Citi could book $10b gain on Morgan deal
Citigroup Inc may book a gain of as much as $10 billion by selling control of its brokerage to Morgan Stanley, helping to replenish capital depleted by the biggest losses in the bank's history, a person familiar with the talks said.
The pretax gain would come from writing up the value of Citigroup's Smith Barney unit to a new price set by the deal, said the person, who declined to be identified because the talks are confidential.

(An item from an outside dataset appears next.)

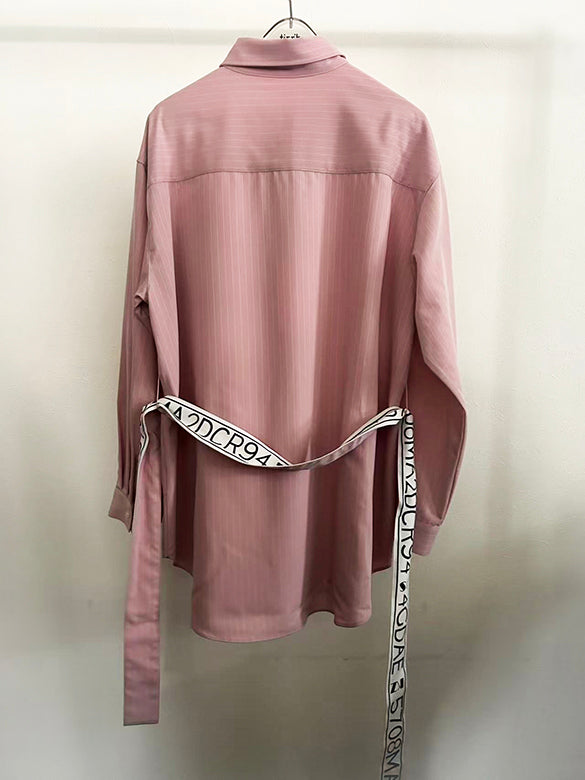 Belted Pin-stripe Shirt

The gain of $5 billion to $6 billion after taxes would flow into Citigroup's capital, a loan-loss cushion so eroded that the New York-based bank had to get $45 billion of rescue funds last year from the US government. "You're selling out the future to get through the crisis of the present, and unfortunately they don't have a lot of other choice," David Trone, an analyst at Fox-Pitt Kelton Cochran Caronia Waller in New York, said in a Jan 9 interview. The worst banking crisis since the Great Depression forced Citigroup Chief Executive Officer Vikram Pandit to abandon his pledge not to sell Smith Barney. For the past decade, the unit has been at the center of the bank's plan to provide bond-underwriting, savings accounts and investment advice under a single umbrella. Former US Treasury Secretary Robert Rubin who had opposed calls to break it up, said Jan 9 that he plans to quit the board.